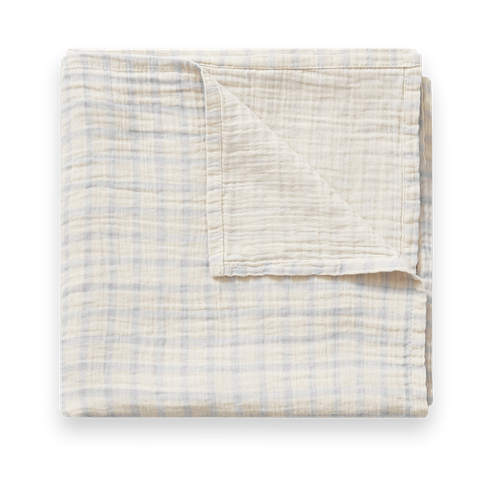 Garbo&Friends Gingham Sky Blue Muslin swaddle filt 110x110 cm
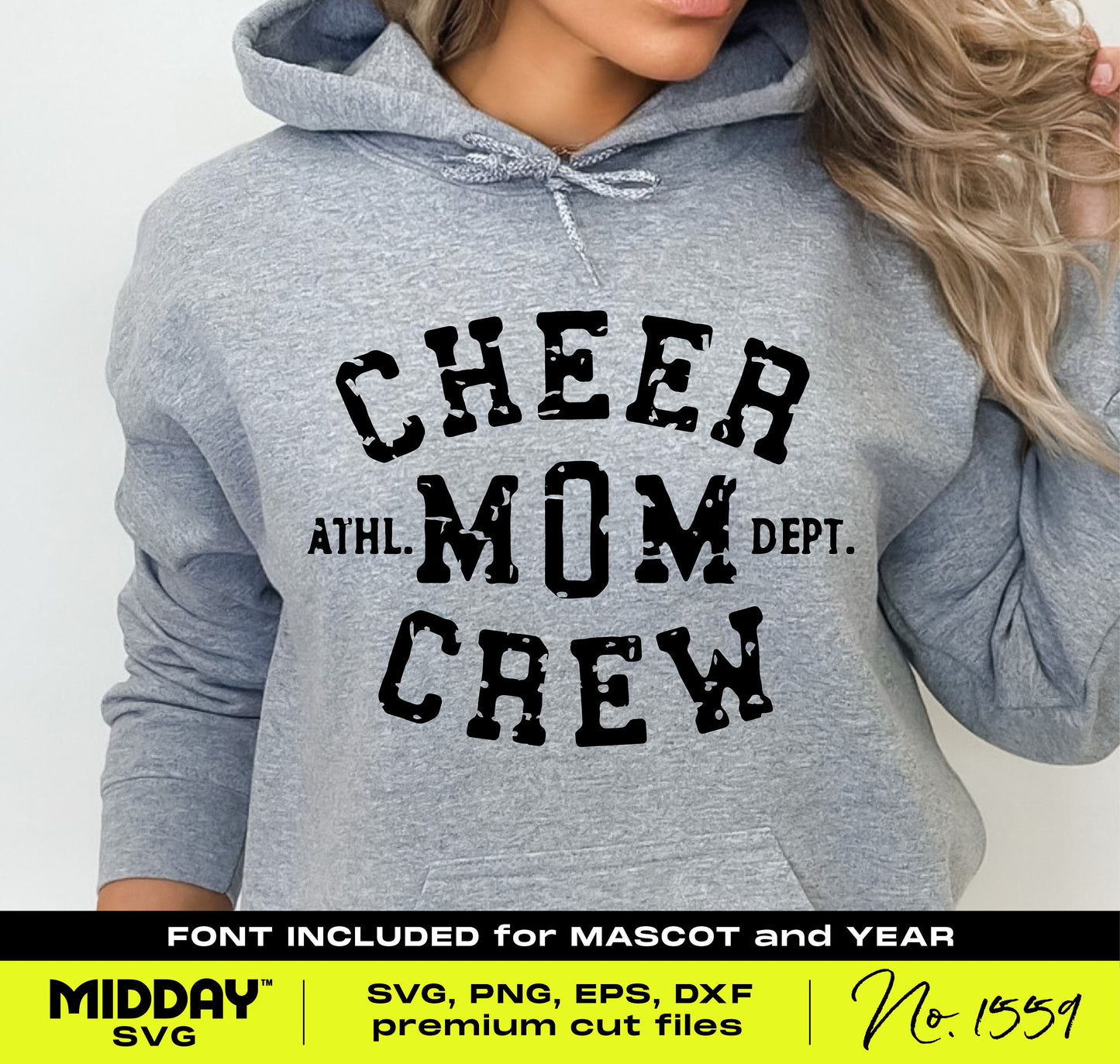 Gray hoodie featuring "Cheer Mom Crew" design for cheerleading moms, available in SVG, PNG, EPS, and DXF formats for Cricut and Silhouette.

******

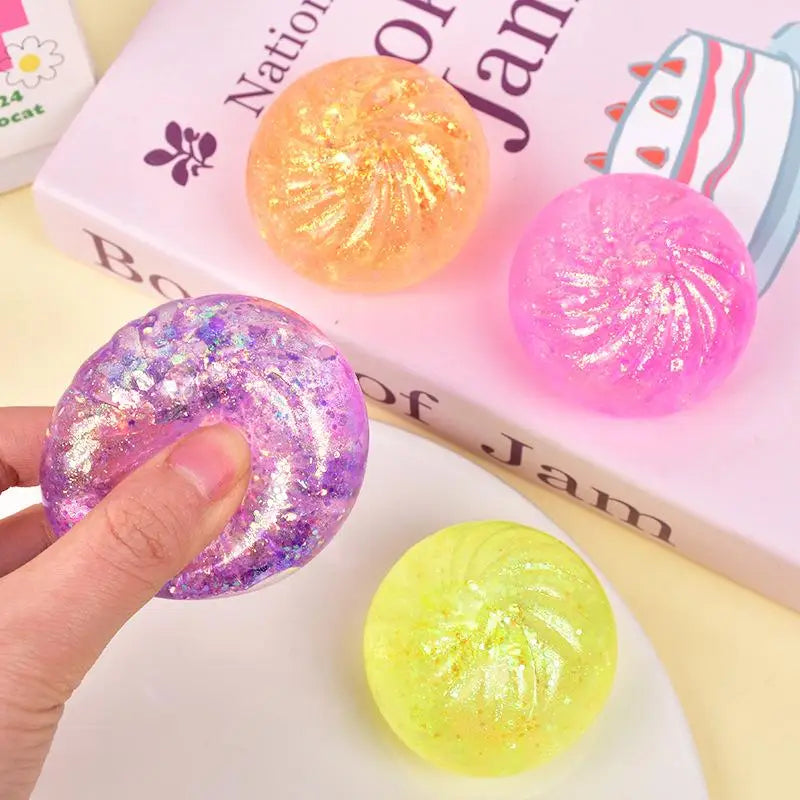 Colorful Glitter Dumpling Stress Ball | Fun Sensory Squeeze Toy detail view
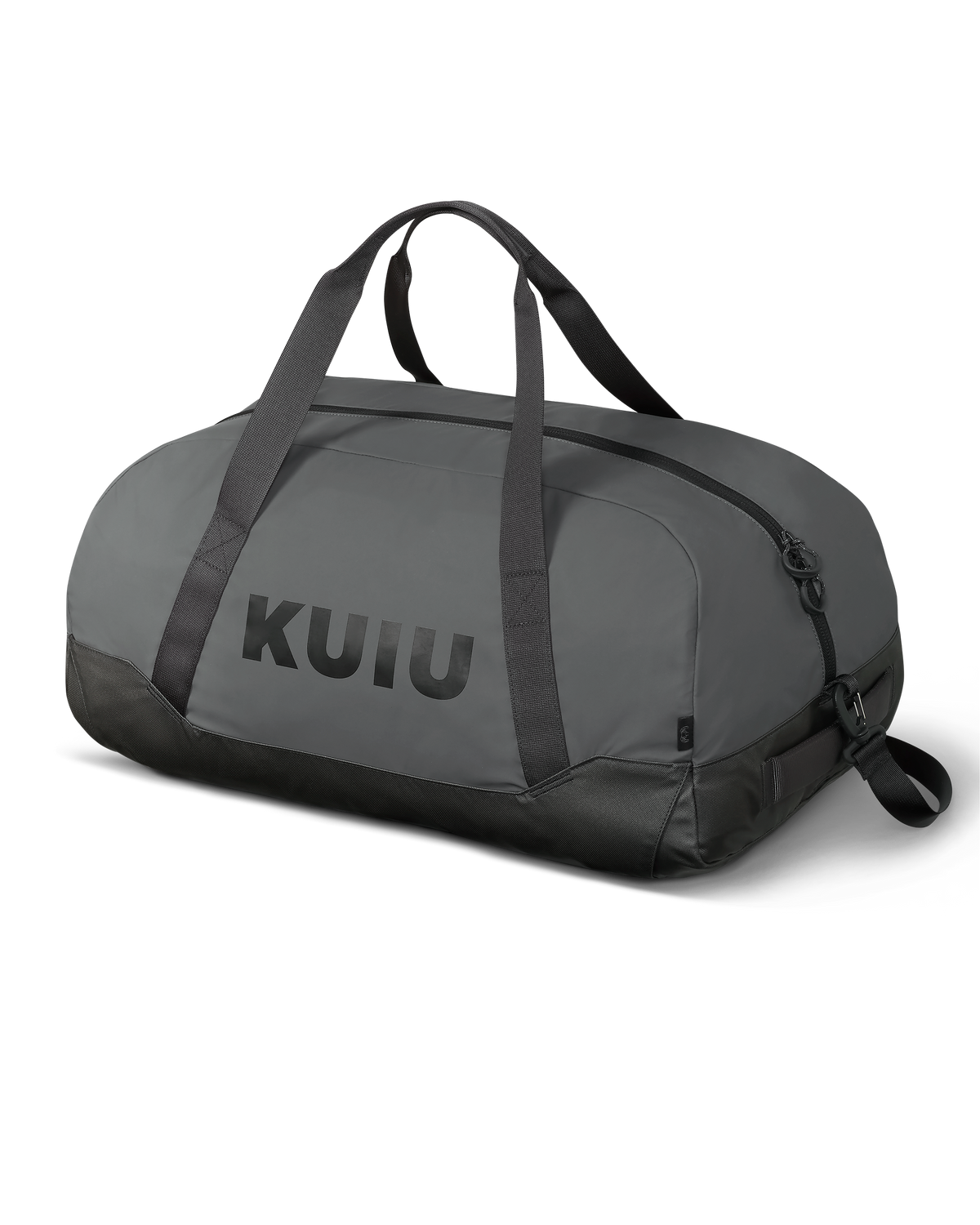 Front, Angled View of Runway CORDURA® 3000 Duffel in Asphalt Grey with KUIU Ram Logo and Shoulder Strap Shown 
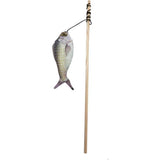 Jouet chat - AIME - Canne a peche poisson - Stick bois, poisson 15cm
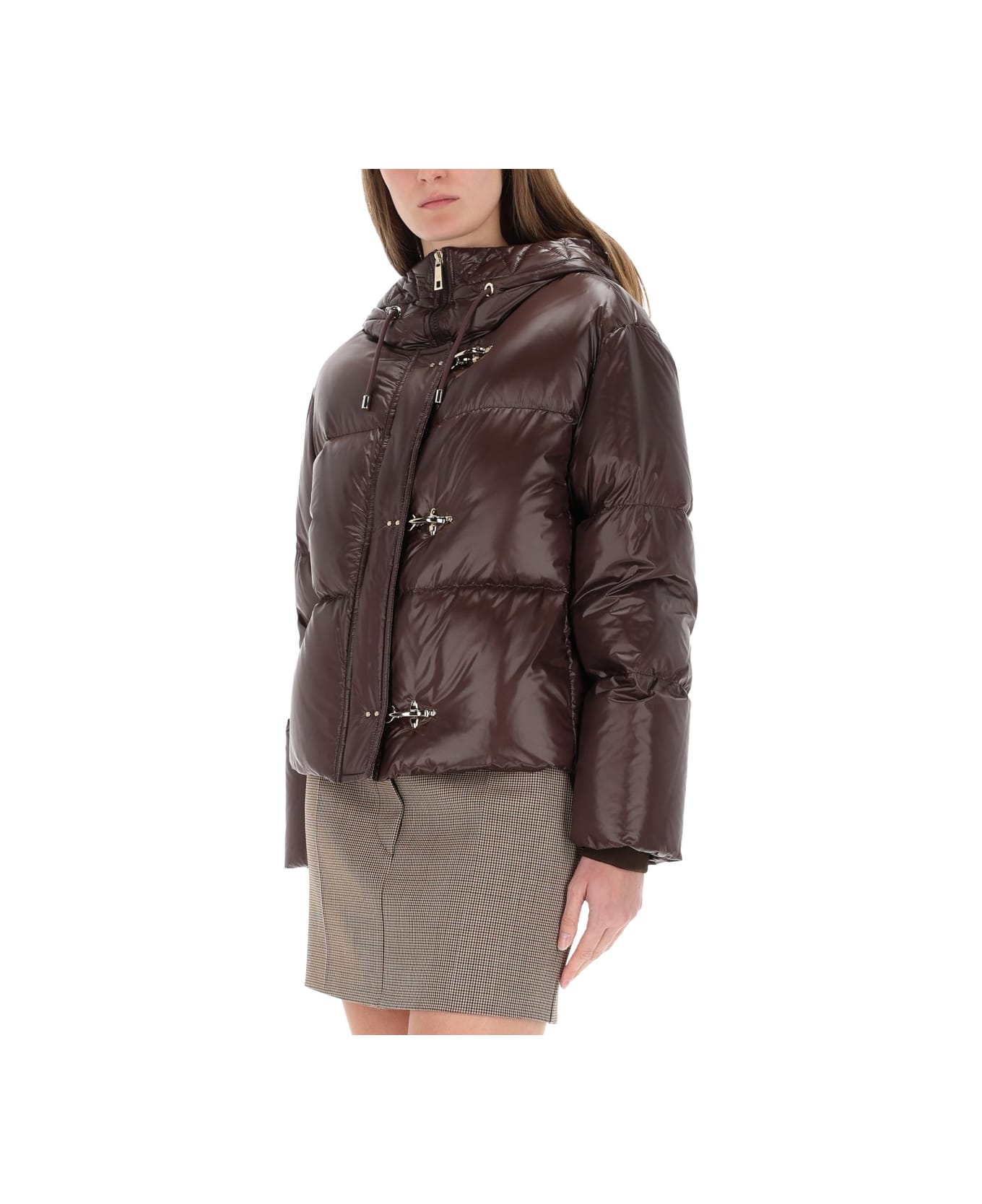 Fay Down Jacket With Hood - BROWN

******

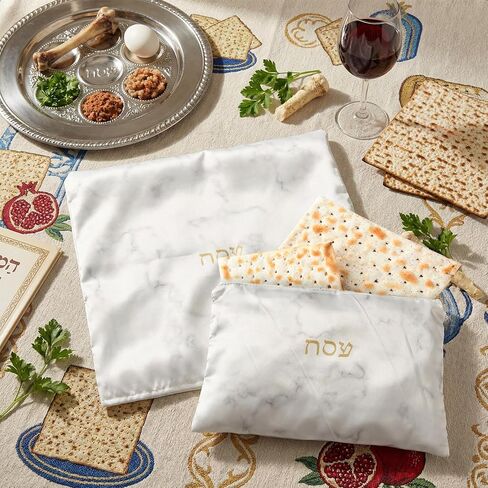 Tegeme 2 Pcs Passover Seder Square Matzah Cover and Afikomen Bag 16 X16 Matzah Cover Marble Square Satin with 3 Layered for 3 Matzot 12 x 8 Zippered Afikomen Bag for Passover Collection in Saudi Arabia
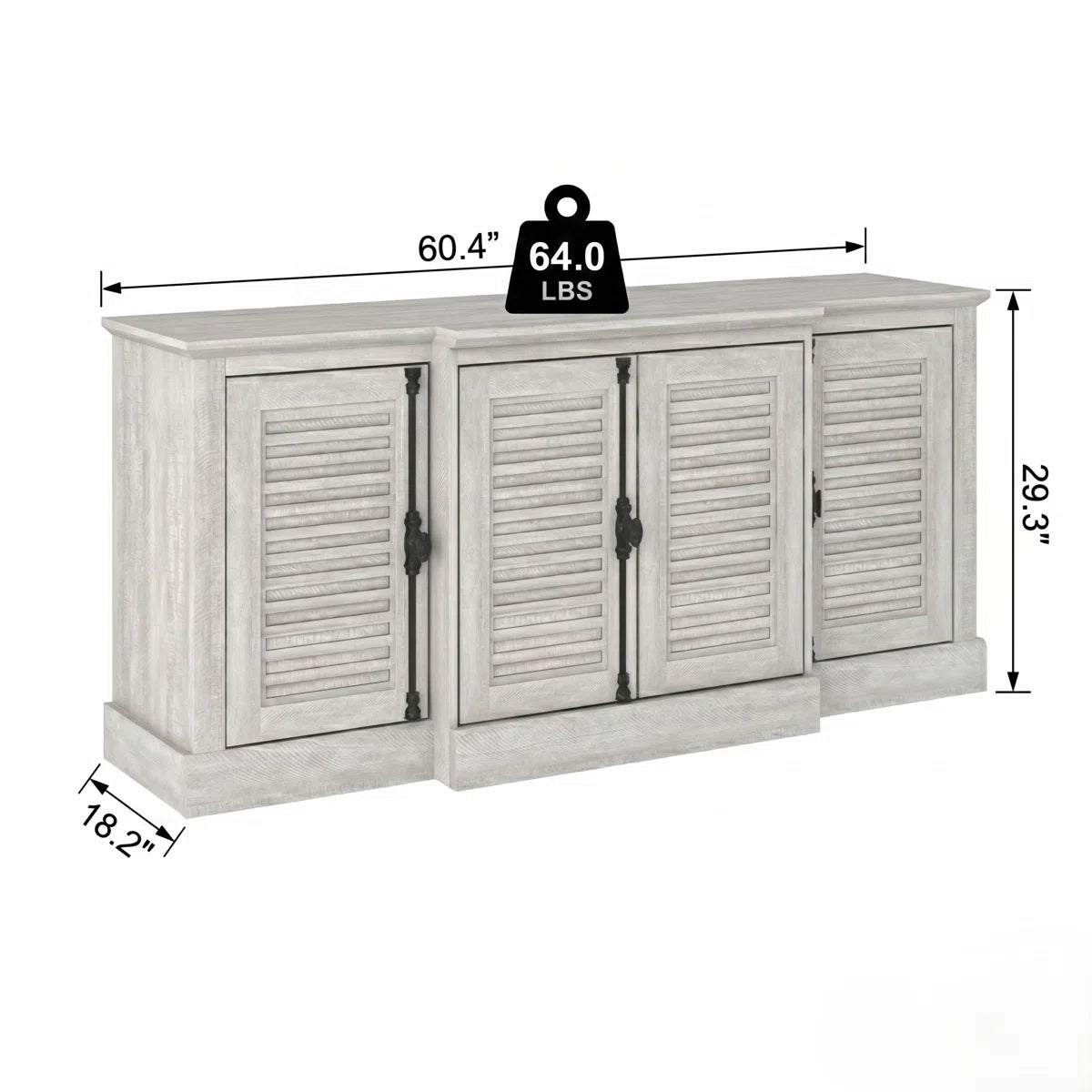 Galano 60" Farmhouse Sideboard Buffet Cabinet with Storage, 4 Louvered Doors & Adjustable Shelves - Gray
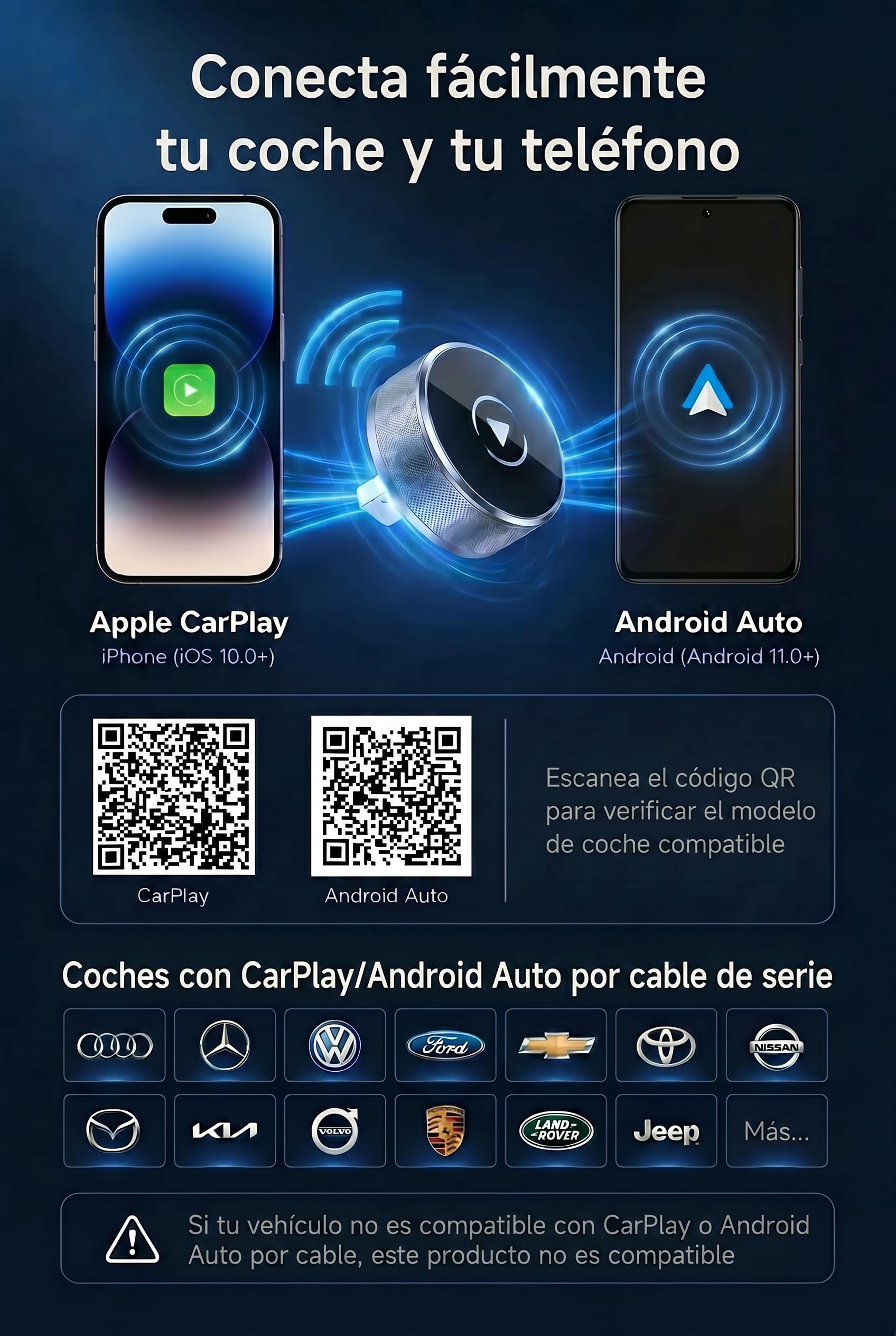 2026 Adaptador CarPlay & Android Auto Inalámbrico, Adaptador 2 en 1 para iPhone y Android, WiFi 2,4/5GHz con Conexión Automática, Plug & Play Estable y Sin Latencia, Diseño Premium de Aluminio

******

Work request
Skipping the pictures, print the lines in the listing above exactly as written, starting at the line with "Garbo&Friends Gingham Sky" and ending at the line with "Gray hoodie featuring", both included.

Exercise solution
 Garbo&Friends Gingham Sky Blue Muslin swaddle filt 110x110 cm
 Gray hoodie featuring "Cheer Mom Crew" design for cheerleading moms, available in SVG, PNG, EPS, and DXF formats for Cricut and Silhouette.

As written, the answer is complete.